===== Extracted information

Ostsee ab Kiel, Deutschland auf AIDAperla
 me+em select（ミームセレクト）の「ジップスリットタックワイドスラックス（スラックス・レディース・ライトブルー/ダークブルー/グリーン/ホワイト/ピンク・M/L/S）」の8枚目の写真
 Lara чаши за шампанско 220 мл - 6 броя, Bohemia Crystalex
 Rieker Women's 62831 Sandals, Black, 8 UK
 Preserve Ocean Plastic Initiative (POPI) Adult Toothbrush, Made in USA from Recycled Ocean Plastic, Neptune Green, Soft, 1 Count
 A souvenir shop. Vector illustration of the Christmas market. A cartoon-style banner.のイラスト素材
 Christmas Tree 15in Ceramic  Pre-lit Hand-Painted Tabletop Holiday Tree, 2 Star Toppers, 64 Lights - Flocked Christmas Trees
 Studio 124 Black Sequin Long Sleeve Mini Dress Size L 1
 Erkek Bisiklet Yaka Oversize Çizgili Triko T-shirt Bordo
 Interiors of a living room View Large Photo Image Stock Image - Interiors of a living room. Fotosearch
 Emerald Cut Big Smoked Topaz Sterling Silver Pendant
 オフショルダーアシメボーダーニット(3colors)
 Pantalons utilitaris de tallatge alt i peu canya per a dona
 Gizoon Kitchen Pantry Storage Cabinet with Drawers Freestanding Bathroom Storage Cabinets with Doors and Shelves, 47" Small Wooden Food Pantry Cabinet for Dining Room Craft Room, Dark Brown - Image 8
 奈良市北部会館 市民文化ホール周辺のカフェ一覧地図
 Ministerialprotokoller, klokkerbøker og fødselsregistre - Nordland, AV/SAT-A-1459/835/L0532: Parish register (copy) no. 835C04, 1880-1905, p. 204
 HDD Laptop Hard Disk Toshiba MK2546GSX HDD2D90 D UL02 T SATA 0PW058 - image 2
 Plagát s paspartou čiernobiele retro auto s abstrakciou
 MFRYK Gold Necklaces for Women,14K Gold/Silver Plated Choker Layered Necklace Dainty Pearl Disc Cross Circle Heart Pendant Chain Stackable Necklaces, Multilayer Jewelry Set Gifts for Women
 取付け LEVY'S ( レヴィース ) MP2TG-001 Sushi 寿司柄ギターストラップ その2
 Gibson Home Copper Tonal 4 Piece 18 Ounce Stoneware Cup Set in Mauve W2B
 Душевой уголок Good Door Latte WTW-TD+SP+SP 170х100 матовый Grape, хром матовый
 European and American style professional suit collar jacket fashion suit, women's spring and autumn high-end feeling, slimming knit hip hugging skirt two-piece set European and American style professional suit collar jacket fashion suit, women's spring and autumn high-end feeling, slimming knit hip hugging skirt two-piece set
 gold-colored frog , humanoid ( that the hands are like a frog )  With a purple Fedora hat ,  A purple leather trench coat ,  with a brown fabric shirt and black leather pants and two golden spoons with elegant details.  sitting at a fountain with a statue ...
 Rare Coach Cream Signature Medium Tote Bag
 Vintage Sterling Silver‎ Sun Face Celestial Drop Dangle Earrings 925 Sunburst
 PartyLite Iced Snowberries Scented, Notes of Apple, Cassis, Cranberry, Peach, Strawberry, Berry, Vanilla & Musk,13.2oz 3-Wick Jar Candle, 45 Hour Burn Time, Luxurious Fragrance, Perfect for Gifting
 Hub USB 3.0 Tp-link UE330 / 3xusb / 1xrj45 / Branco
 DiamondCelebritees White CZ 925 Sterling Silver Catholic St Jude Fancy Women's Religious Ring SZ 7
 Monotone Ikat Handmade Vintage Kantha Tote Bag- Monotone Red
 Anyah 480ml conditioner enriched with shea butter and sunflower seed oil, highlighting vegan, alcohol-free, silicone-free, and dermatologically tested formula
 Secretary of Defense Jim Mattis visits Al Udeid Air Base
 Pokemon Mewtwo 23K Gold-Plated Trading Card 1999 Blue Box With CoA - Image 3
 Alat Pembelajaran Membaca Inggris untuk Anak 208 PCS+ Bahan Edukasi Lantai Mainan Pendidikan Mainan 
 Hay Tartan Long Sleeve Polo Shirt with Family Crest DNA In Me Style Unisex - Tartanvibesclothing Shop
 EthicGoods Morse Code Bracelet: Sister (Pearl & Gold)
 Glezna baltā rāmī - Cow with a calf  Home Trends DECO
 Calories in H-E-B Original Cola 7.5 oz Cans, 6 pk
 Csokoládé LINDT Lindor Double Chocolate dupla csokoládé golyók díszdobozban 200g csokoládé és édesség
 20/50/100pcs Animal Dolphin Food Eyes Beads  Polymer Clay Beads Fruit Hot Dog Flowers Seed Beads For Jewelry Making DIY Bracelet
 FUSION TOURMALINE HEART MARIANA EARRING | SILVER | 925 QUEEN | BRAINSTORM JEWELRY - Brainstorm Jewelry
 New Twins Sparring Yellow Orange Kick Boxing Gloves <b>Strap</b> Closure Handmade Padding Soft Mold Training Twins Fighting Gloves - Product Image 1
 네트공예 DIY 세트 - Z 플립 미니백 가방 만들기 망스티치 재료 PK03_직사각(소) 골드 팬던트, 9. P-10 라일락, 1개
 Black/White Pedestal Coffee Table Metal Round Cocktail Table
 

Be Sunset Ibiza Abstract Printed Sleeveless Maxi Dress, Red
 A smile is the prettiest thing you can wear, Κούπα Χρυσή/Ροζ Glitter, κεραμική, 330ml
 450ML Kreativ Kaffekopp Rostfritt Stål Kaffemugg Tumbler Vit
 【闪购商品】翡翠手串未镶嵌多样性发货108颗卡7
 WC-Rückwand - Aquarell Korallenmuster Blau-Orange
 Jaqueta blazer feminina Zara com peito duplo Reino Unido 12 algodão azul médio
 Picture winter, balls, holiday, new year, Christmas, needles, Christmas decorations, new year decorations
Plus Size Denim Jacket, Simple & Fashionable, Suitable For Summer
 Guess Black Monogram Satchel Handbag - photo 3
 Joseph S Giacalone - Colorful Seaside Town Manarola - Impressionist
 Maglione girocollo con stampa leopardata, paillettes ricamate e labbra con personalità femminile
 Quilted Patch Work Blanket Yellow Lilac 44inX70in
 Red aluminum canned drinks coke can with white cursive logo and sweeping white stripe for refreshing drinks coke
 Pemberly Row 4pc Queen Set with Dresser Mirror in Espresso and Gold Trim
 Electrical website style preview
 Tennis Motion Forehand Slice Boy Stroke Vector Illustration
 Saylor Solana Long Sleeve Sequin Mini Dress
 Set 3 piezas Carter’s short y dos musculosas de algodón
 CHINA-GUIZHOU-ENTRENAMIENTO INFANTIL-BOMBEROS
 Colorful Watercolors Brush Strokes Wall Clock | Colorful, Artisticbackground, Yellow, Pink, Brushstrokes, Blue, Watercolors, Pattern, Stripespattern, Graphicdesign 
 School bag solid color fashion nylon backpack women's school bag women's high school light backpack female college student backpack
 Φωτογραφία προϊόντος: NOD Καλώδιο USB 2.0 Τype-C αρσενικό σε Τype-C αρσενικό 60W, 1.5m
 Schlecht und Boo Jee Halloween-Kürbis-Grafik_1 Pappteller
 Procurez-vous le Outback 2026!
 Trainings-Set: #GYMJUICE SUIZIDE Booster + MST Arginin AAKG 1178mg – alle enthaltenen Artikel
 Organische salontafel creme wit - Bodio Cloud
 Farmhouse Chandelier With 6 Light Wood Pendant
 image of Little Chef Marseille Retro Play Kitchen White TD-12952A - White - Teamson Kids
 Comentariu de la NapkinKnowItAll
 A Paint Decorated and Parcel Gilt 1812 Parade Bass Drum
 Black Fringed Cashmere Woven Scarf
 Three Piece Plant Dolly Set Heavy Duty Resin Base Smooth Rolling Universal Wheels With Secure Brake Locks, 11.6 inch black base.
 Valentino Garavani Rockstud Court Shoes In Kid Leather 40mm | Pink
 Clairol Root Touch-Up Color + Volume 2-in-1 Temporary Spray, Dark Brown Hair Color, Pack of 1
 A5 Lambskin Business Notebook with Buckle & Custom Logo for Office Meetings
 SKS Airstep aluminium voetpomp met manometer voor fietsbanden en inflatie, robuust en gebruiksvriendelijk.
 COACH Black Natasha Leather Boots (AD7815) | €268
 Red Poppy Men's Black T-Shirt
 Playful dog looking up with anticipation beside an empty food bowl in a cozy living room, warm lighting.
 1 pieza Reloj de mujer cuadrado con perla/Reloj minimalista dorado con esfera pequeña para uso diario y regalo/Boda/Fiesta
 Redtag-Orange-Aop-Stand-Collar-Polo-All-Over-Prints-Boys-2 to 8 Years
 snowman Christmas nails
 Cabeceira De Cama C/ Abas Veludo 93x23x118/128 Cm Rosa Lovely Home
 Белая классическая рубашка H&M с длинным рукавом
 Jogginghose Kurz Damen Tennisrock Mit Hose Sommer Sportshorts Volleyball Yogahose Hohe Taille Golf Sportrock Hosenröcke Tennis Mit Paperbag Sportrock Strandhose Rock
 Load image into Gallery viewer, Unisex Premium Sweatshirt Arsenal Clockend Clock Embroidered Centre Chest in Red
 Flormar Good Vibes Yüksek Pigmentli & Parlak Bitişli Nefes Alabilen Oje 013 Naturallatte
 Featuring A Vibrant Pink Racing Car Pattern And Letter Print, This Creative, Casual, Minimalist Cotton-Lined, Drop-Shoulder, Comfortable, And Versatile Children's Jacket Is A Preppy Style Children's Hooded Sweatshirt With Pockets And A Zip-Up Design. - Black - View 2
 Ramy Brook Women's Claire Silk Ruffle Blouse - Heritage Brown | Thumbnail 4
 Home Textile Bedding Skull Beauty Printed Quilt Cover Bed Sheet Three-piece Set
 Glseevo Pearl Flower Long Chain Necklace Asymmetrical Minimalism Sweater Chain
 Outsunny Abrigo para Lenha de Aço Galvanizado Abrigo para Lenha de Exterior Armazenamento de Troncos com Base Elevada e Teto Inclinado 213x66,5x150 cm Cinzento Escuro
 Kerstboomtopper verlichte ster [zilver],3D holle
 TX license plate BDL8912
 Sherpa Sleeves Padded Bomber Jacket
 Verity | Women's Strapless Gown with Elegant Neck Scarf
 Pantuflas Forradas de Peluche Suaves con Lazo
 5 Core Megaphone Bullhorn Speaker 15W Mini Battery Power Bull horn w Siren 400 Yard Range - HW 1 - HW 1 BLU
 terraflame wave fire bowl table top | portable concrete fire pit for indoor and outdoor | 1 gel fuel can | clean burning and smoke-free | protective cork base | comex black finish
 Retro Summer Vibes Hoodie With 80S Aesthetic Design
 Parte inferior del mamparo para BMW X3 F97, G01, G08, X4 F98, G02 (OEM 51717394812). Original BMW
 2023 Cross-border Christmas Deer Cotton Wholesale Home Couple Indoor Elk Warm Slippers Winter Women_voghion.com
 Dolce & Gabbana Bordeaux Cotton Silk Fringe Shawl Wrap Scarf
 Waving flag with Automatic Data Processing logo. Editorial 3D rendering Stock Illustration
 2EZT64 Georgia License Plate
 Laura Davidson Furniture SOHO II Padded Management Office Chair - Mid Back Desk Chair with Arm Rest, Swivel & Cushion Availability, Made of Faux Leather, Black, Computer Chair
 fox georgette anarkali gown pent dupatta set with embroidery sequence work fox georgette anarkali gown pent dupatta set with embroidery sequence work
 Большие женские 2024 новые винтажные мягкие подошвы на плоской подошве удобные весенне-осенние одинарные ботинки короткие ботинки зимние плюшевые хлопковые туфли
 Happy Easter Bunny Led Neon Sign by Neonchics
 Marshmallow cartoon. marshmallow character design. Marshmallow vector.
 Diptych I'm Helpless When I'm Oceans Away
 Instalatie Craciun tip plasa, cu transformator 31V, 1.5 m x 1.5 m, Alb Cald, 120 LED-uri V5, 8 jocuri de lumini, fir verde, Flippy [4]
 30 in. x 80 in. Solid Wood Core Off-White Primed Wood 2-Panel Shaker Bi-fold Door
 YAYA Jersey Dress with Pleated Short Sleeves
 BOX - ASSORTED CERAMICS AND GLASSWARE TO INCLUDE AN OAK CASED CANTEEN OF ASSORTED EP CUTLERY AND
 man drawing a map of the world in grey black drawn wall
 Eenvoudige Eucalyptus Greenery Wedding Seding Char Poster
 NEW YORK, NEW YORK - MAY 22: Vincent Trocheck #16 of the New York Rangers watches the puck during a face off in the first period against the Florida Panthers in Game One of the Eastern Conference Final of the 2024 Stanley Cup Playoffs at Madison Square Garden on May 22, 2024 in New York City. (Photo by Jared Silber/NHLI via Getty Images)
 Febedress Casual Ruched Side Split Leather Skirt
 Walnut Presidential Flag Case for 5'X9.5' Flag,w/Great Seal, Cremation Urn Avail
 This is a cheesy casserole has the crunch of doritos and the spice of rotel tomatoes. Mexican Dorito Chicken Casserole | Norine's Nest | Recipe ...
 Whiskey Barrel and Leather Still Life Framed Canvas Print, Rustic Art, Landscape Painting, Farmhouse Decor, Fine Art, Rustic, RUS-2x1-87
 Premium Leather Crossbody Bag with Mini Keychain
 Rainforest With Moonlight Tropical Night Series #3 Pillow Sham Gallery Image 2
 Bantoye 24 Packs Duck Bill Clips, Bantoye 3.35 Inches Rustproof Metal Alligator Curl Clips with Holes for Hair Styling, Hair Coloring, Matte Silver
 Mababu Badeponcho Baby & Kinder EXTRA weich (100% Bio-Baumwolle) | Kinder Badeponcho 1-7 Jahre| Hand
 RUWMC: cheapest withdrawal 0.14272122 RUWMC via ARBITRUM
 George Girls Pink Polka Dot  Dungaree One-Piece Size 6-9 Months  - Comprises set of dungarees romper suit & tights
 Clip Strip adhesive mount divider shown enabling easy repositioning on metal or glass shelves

==========

◆ **Work order**: If the string "Sterling" appears in a line of the entries, report the line.

◆ **Response box**:
 Emerald Cut Big Smoked Topaz Sterling Silver Pendant
 Vintage Sterling Silver‎ Sun Face Celestial Drop Dangle Earrings 925 Sunburst
 DiamondCelebritees White CZ 925 Sterling Silver Catholic St Jude Fancy Women's Religious Ring SZ 7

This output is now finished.